Los Angeles
Another one of the other more fascinating responses that I got to my letter of introduction was from a friend here in Los Angeles whose grandfather’s best friend was Sir William Samuel Stephenson CC MC DFC (January 23, 1897 – January 31, 1989).
He was a fascinating character. Here’s part of what Wikipedia has to say:
“A Canadian who fought in W.W.I with the Canadian Army Engineers, then transferred to the British Royal Flying Corps in 1917, after learning to fly while he was recovering from being gassed in 1916. Stephenson flew the British Sopwith Camel fighter biplane and scored twelve victories before he was shot down and captured by the Germans on July 28, 1918.”
The entry goes on to say that in the lead up to Second World War, he became a wealthy industrialist and
“As early as April 1936 Stephenson was voluntarily providing confidential information to the British, passing on detailed information to British opposition MP Winston Churchill about how Hitler’s Nazi government was building up its armed forces and hiding military expenditures of eight hundred million pounds sterling.

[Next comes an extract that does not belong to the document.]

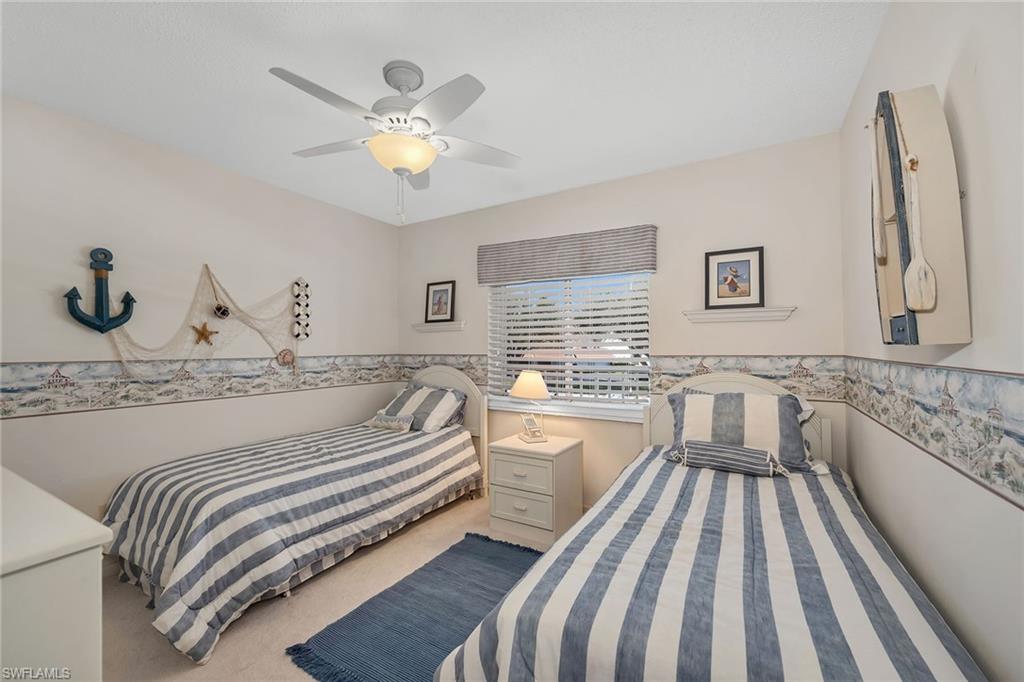 Bedroom with light carpet and a ceiling fan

This was a clear violation of the terms of the Treaty of Versailles and showed the growing Nazi threat to European and international security; Churchill used Stephenson’s information in Parliament to warn against the appeasement polices of the government of Neville Chamberlain.”
After the Second World War began Winston Churchill sent Stephenson to the United States on 21 June 1940 to covertly establish and run the British Security Coordination (BSC) in New York City, more than a year prior to the US entering the war.
The BSC office headquartered in room 3603 in Rockefeller Center became an umbrella organisation that by the end of the war represented the British intelligence agencies MI5, MI6 (SIS or Secret Intelligence Service), SOE (Special Operations Executive) and PWE (Political Warfare Executive) throughout North America, South America and the Caribbean.
In his role as the senior representative of British intelligence in the western hemisphere Stephenson was one of the few people in the hemisphere authorised to view raw Ultra transcripts from the British Bletchley Park code-breaking of German Enigma ciphers.
He was trusted by Churchill to decide what Ultra information to pass along to various branches of the US and Canadian governments.”